> **DIRECTIONS FOR THIS TASK**
Using the material below, print the line that contains "Кровать с изголовьем Lunia 180x200 cm", the line that contains "(Unisex) Colorful Checkered Shirt", and every line in between, exactly and nothing else.
==== INPUT DATA
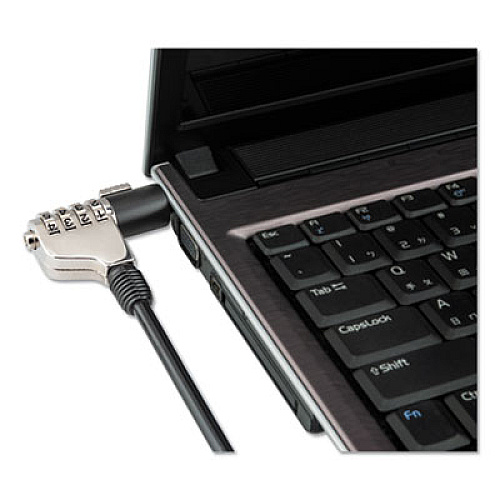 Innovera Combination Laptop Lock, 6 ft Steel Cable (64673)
========
==== INPUT DATA
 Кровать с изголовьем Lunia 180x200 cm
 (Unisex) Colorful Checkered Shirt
========
==== INPUT DATA
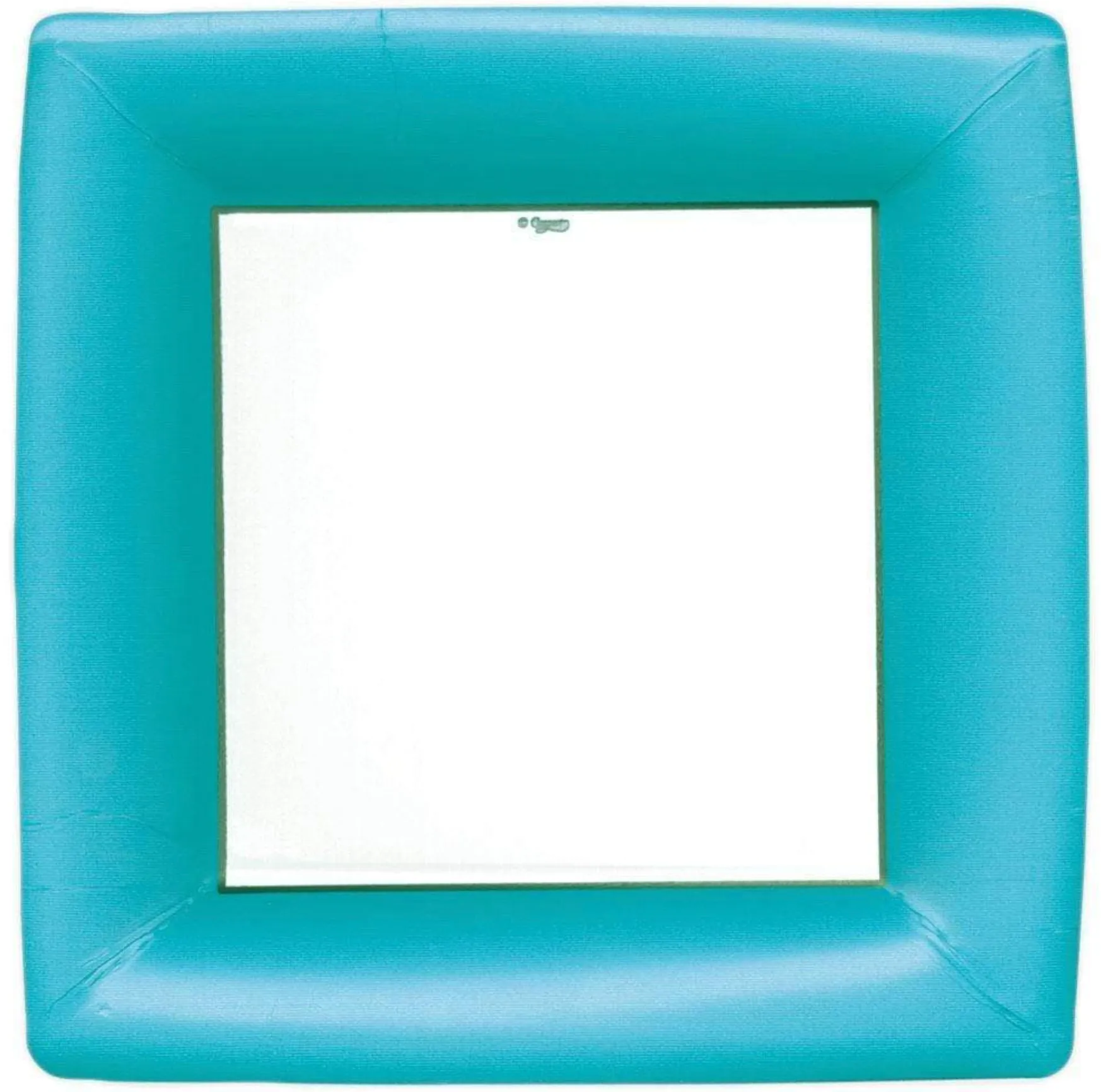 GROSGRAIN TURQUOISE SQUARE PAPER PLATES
========
> **RESULT OF THIS TASK**
 Кровать с изголовьем Lunia 180x200 cm
 (Unisex) Colorful Checkered Shirt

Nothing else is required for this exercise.